Return the data below unaltered, but strip out the pictures.

[RECORDS SHOWN — start]

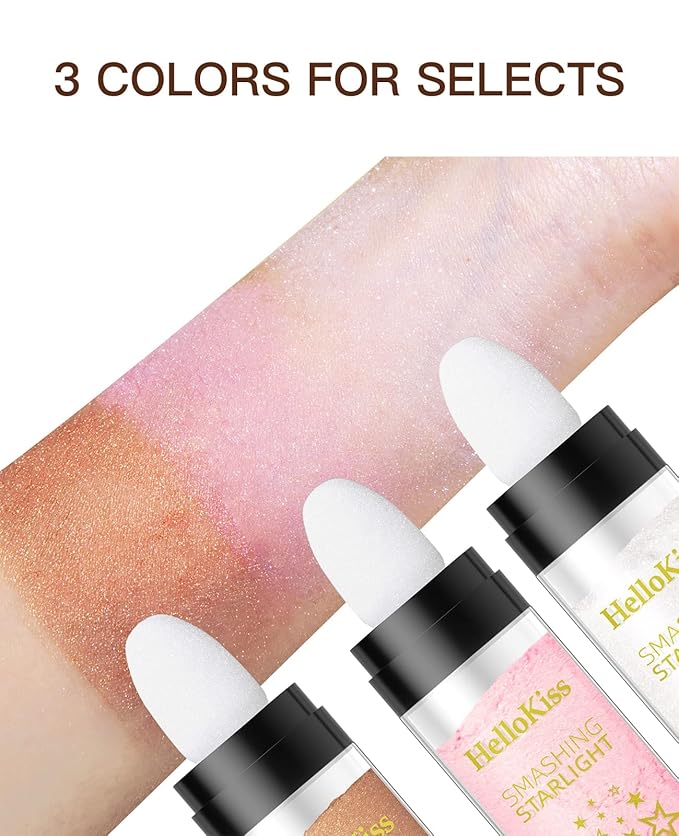 Fairy Highlight Puff Stick Highlight Patting Powder - Multi-Functional Shimmer Powder for Illuminating and Brightening Your Face and Body (#02 Pink)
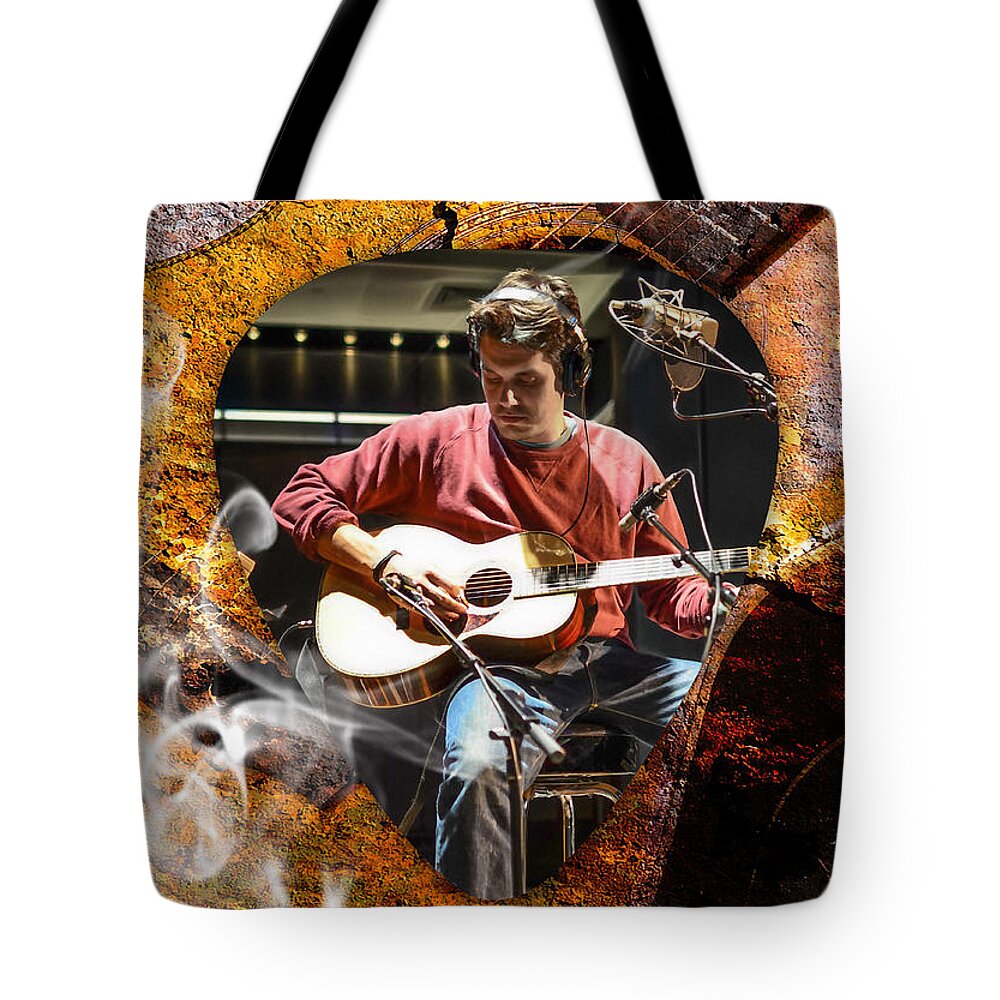 John Mayer Tote Bag featuring the mixed media John Mayer Art #11 by Marvin Blaine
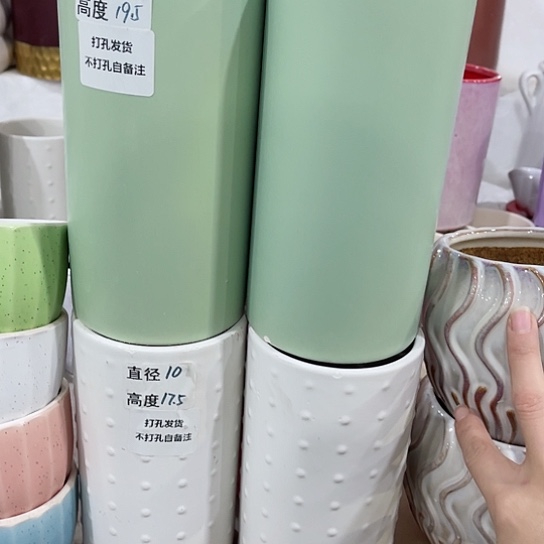 多肉绿植陶瓷花盆9.9包邮，有孔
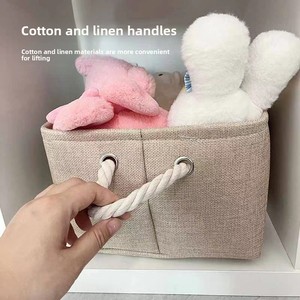 Cross-border for Bestseller Thick Cotton-linen EVA Cube <strong>Storage</strong> <strong>Basket</strong> <strong>Large</strong>-capacity Foldable Organizer Laundry Hamper Home - Product Image 4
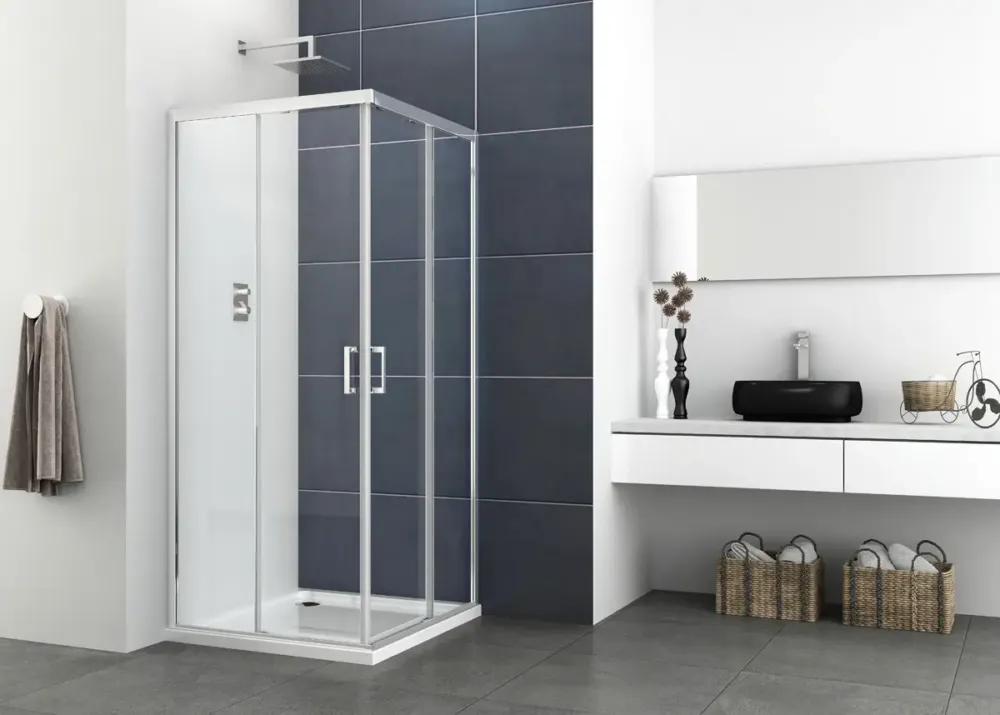Badstuber Elite douchecabine 80x80 met schuifdeur chroom Laatste Versie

[RECORDS SHOWN — finish]

__ANSWER TO THIS PROBLEM__.
 Fairy Highlight Puff Stick Highlight Patting Powder - Multi-Functional Shimmer Powder for Illuminating and Brightening Your Face and Body (#02 Pink)
 John Mayer Tote Bag featuring the mixed media John Mayer Art #11 by Marvin Blaine
 多肉绿植陶瓷花盆9.9包邮，有孔
 Cross-border for Bestseller Thick Cotton-linen EVA Cube <strong>Storage</strong> <strong>Basket</strong> <strong>Large</strong>-capacity Foldable Organizer Laundry Hamper Home - Product Image 4
Badstuber Elite douchecabine 80x80 met schuifdeur chroom Laatste Versie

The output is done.